1 Introduction

Video saliency detection aims to recognize interesting zones in dynamic scenes by simulating the attention mechanism of human’s eyes. Compared with detecting salient objects in images, video saliency object detection encounters new challenges posed by continuous movement clues and abundant inter-frame information. Differential features of consecutive frames can be used to ensure a better performance in background suppression and edge detection. Video saliency detection has been widely applied in video compression [1], video target tracking [2], video quality assessment [3], video summarization [4], and scene understanding [5,6,7,8,9], image understanding [26,27,28,29,30,31,32], action/object recognition [33, 34], etc.
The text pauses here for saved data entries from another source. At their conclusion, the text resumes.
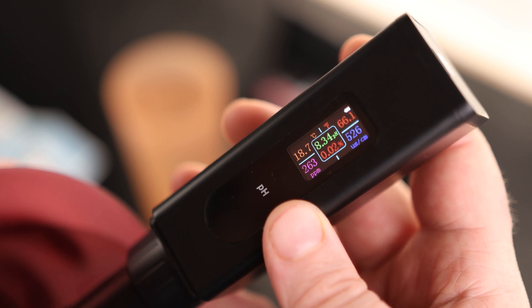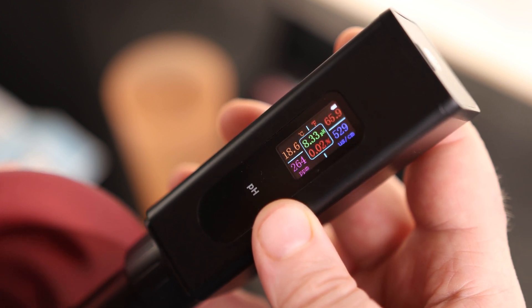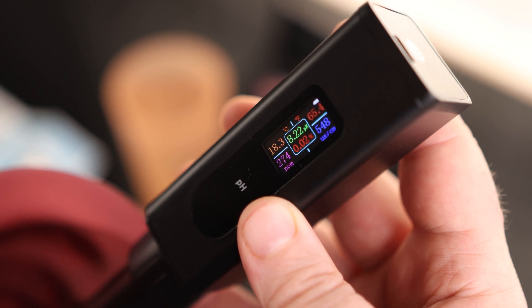So the biggest one to me is the 262 parts per million. There on the bottom left we can actually see what that is. We can also see that the pH is 8.33, the salinity is 0.02%, and we can also see the temperature in Celsius as well as Fahrenheit. That's kind of cool.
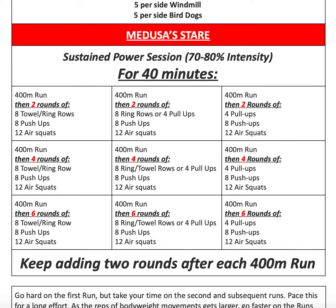Then we'll do six rounds of eight towel or ring rows or four pull-ups, followed by eight push-ups and 12 air squats. You'll keep repeating until the 40 minutes is complete, adding two rounds after each 400 meter run. So we start with two rounds of that 4-8-12 combo, then four rounds, then six rounds, then eight rounds, then 10 rounds — whatever you get to in your 40 minutes total.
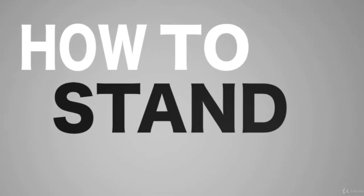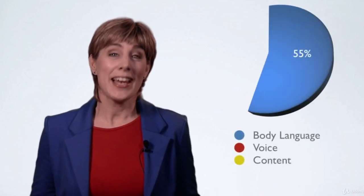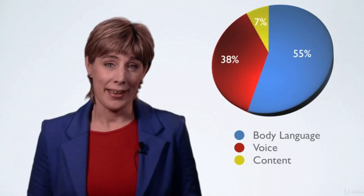Make your posture as open and dynamic as possible. When you're looking for the right composure in front of an audience, you must remember this circle of impact. More than half of the impact you have on an audience is caused by your body language. 38% of the impact is caused by your voice and the way you speak. And only 7% of the impact is due to the content of your story.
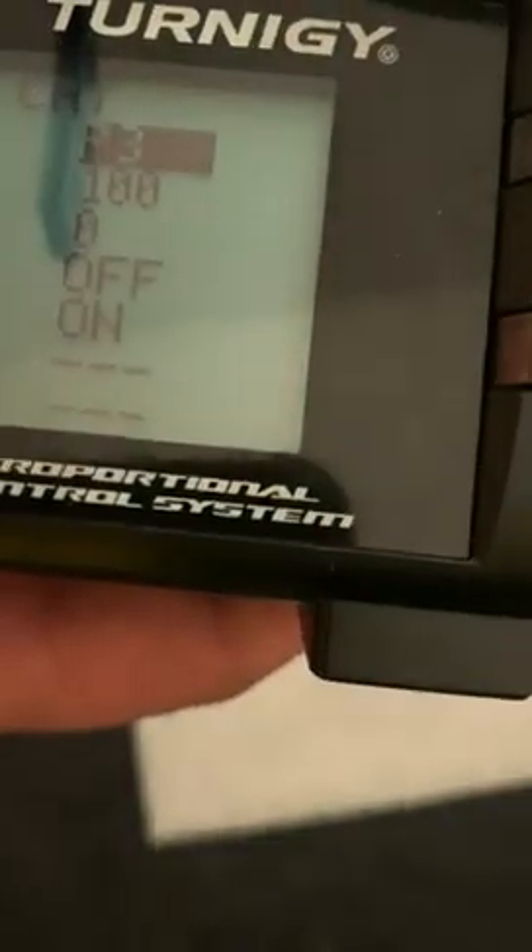The first setting says source — whatever is there, you change it to throttle. The second one is the weight of the aircraft — you don't need to change that one.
Prevailing video saliency detection methods generally provide macroscopic perspectives and use optical flow and LSTM convolution models to extract temporal characteristics. However, these methods often overlook some interframe details when extracting and integrating features and result in poor continuity of differential features between consecutive frames.

To solve the above-mentioned problem, this paper proposes a static feature extraction network with several static saliency networks working in parallel to extract the information features of video frames and obtain initial temporal information. Interframe differential information between consecutive frames is used to set up a co-attention mechanism. As designed, the co-attention edge module and central module integrate interframe relationships. And the temporal relationships between differential information of consecutive frames are used in assisting learning the temporal and spatial continuity of interframe movements. The detection results have been obviously improved by combining the co-attention module and the pixel gradient-based refinement module. At the same time, we also apply recurrent multi module training optimization and the loss function self-adjustment strategy to further modify the network modal.
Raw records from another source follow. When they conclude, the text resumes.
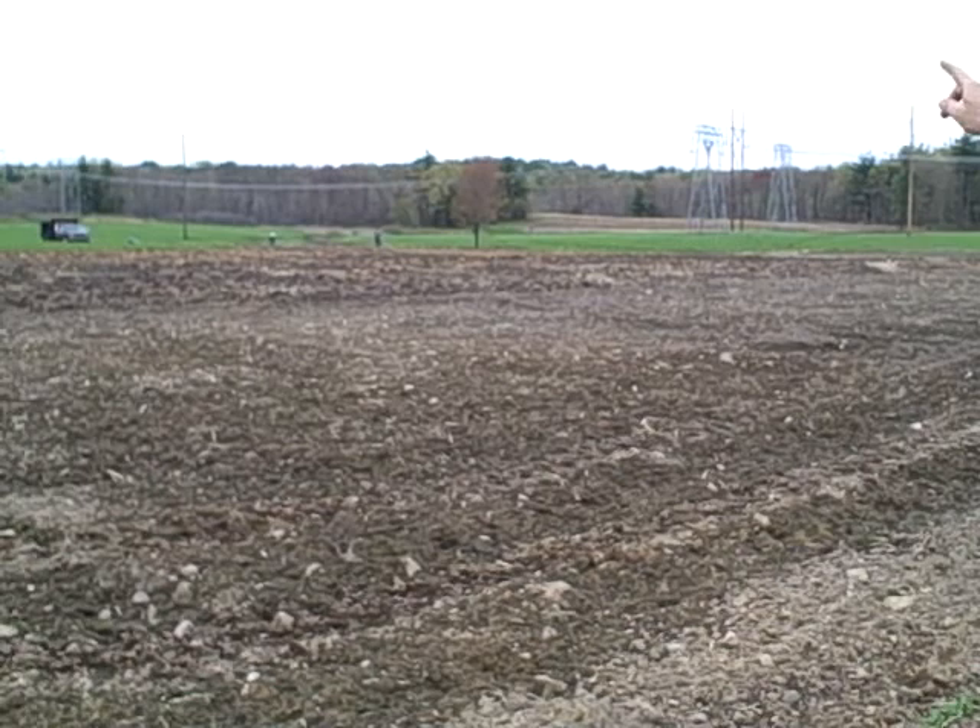Hopefully right around the end of June we'll be picking peas here. And later on today or tomorrow I'll be planting the second pea crop over yonder where those guys are.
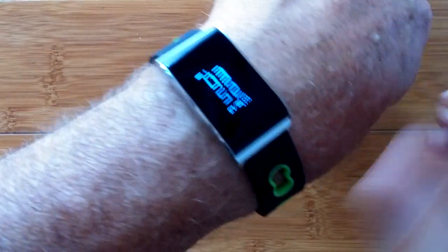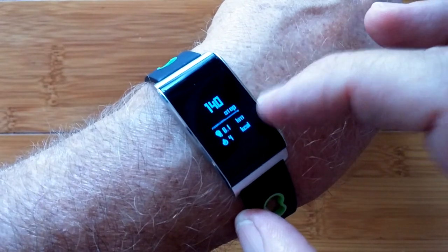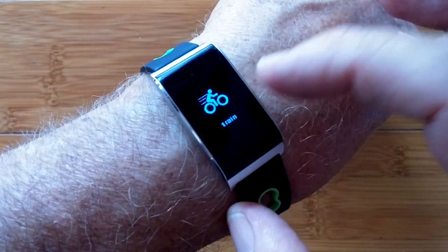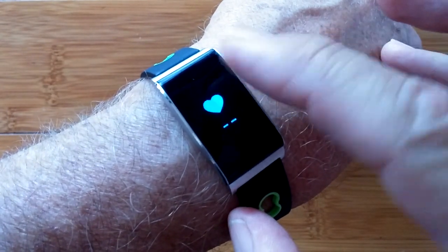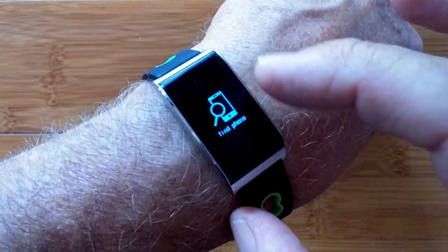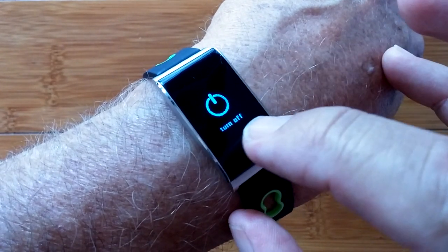You are looking at the N109 Ultra Thin Fitness Tracker with step count, distance, calories burned, a training section with running, walking, biking, heart rate, which is really cool, sleep monitoring, alarms, find your phone if it's lost, basic information, and power saving mode.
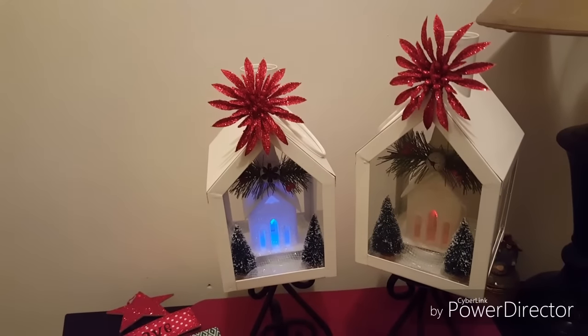Here is the finished product. I want to show you what it looks like with the lights off first, and then I'll turn the lights on so you're able to see them up close. I want you to see the tea lights inside changing colors, so let me turn the lights on so you can see the finished product.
The main contributions of the paper are as follows:

  1. (1)

    A fully convolutional neural network integrating temporal difference and pixel gradient has been designed, which effectively solves the poor performance of temporal spatial coherence and edge continuity.

  2. (2)

    A co-attention mechanism is set up to integrate temporal differentials to solve the problem of present network models lacking good learning of information continuity;

  3. (3)

    A method for optimizing image details is proposed based on pixel gradient to rectify the details of salient objects and improve edge continuity and details of the central areas of targets;

  4. (4)

    A self-adjustment strategy for the loss functions is used to improve the stability of the network structure to avoid overfitting.

  5. (5)

    Our model has tested on three public datasets, and the experimental results prove its effectiveness.

2 Related work

2.1 Image saliency object detection

Image saliency object detection can be realized by two network models supported by different attention mechanisms: top-down and bottom-up models. The top-down method deals with images under the control of human’s consciousness. Yang et al. [10] developed a saliency model combining conditional randomness and visual dictionary, which learned conditional random fields by way of characteristic self-adjustment; and as CRF are output layers, it can learn the dictionary under structural supervision. Gao et al. [11] proposed a bottom-up saliency detector in line with the statistics of characteristics of natural images. Cheng et al. [12] proposed a salient object extraction algorithm based on regional contrast degree, which can calculate both the global contrast difference and spatial weighting consistency. In [35], Hu et al. proposed a novel co saliency detection framework that transforms each image into a semantic superpixel cluster through segmentation, and generates images of different sizes for each input image using the VGG-16 model. The model also explores a new Graph Convolutional Network method to fine-tune multi-scale features, capturing common information between all scale features and private or complementary information for each scale feature. Zhang et al. [37] developed a new deep network framework, DeepACG, which uses Gromov Wasserstein distance to establish dense 4D correlated volumes for all image pixel pairs. This model also designs a semantic aware Common Attention Module (SCAM), which recognizes the semantic classes of foreground collaborative objects and modulates this information into deep representations to achieve the localization of relevant pixels, and the model also utilizes a Contrast Edge Enhancement Module to capture richer contexts and preserve fine-grained spatial information.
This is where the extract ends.